### The records

*** Begin section ***

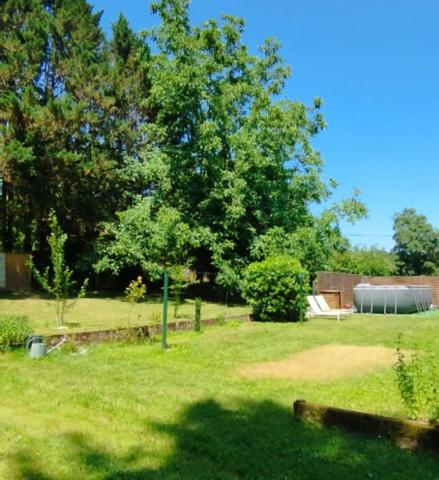 Maison de ville 7 pièces sur un terrain clos de 1167m²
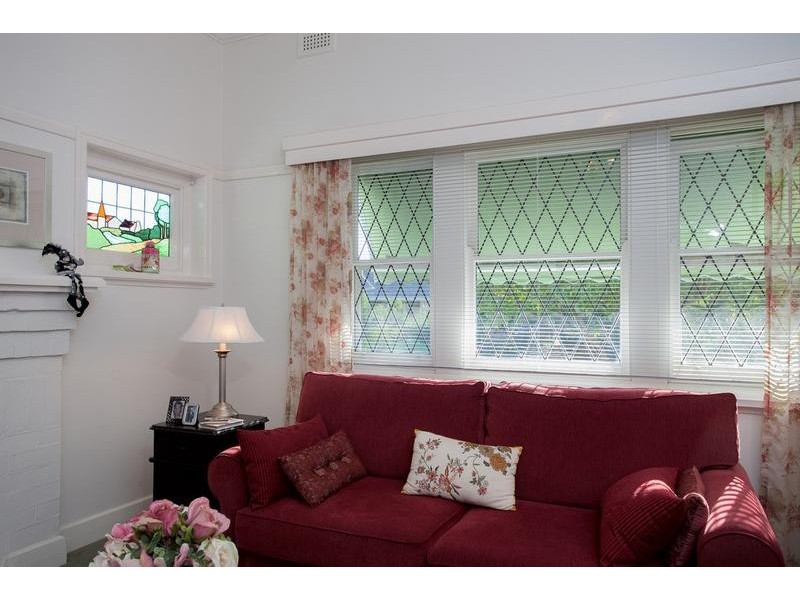 6 Dungey Avenue, Flora Hill VIC 3550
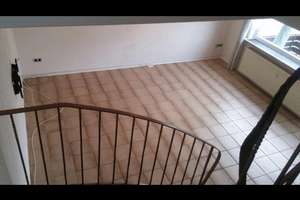 Gepflegte  Maisonette- Wohnung mit drei Zimmern sowie Balkon und Einbauküche in Rheinhausen – Uhlandweg 6, 68794 Oberhausen-Rheinhausen – Vorschaubild 7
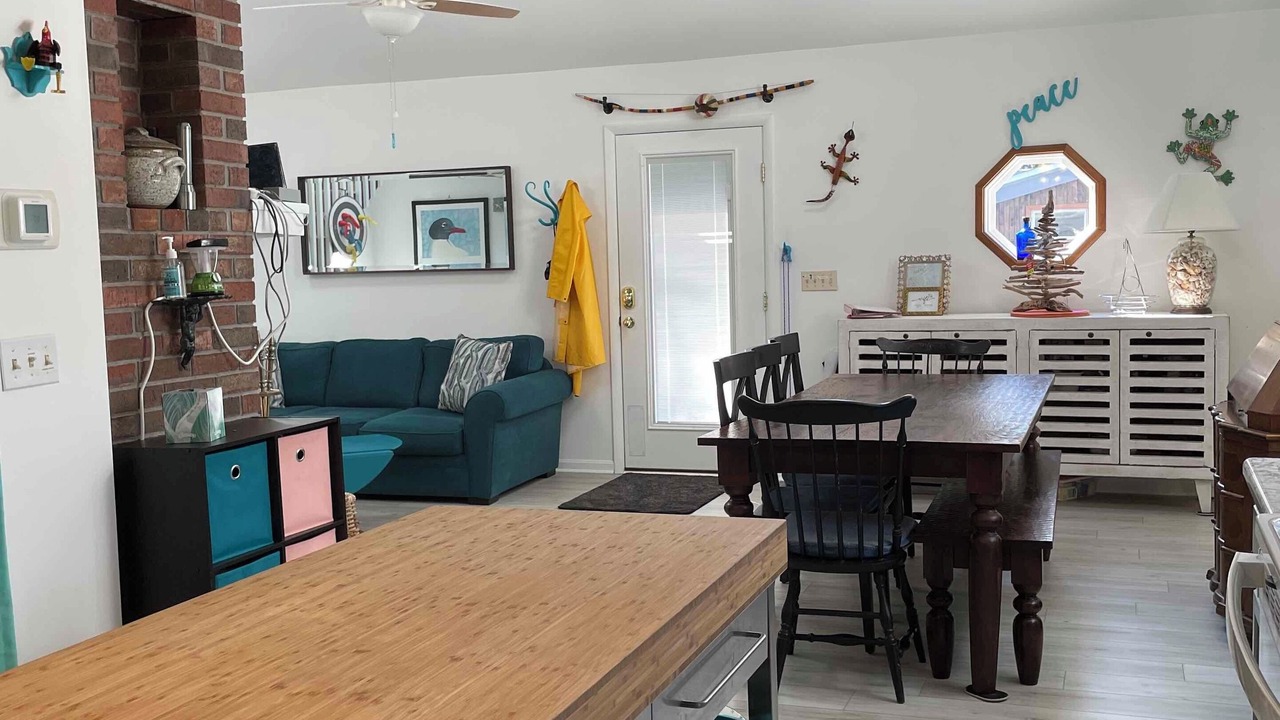 Photo of Others in Calvert Beach-Long Beach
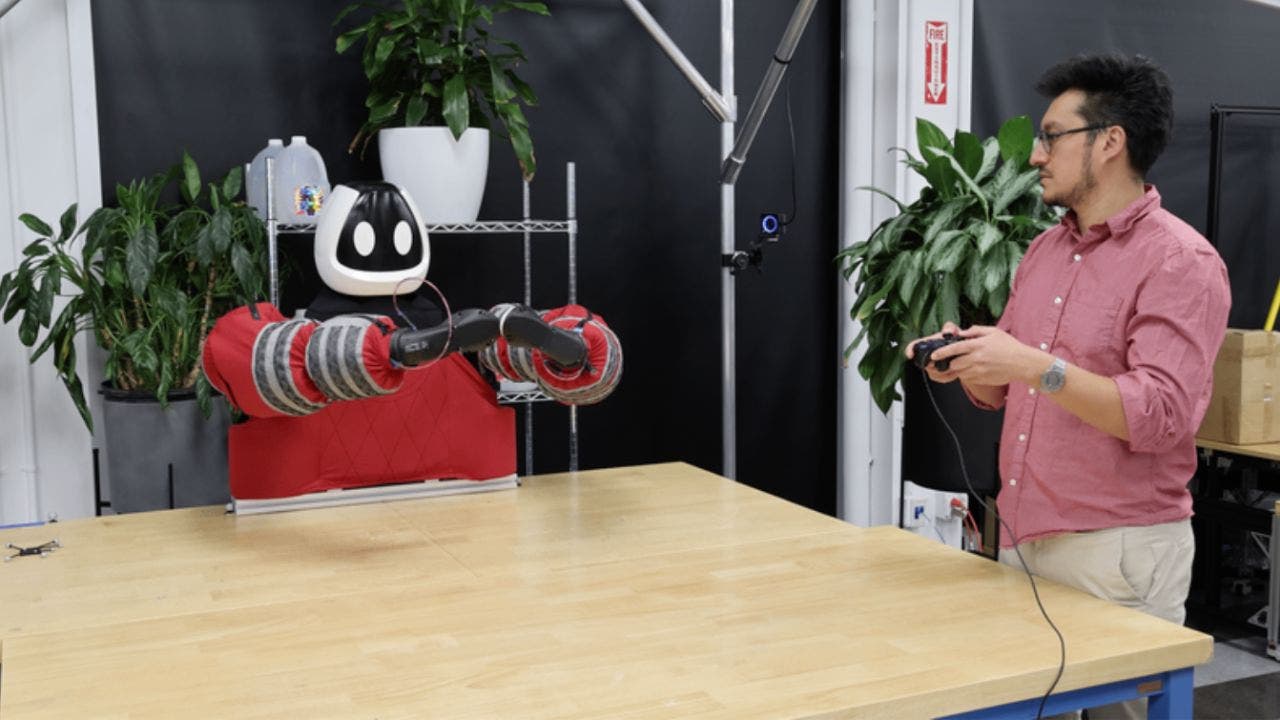 2 forget hands toyotas hug ready robot picks up with its entire body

*** End section ***

### Task prompt
Your copy should match the records word for word, with the pictures removed.

### Output
 Maison de ville 7 pièces sur un terrain clos de 1167m²
 6 Dungey Avenue, Flora Hill VIC 3550
 Gepflegte  Maisonette- Wohnung mit drei Zimmern sowie Balkon und Einbauküche in Rheinhausen – Uhlandweg 6, 68794 Oberhausen-Rheinhausen – Vorschaubild 7
 Photo of Others in Calvert Beach-Long Beach
 2 forget hands toyotas hug ready robot picks up with its entire body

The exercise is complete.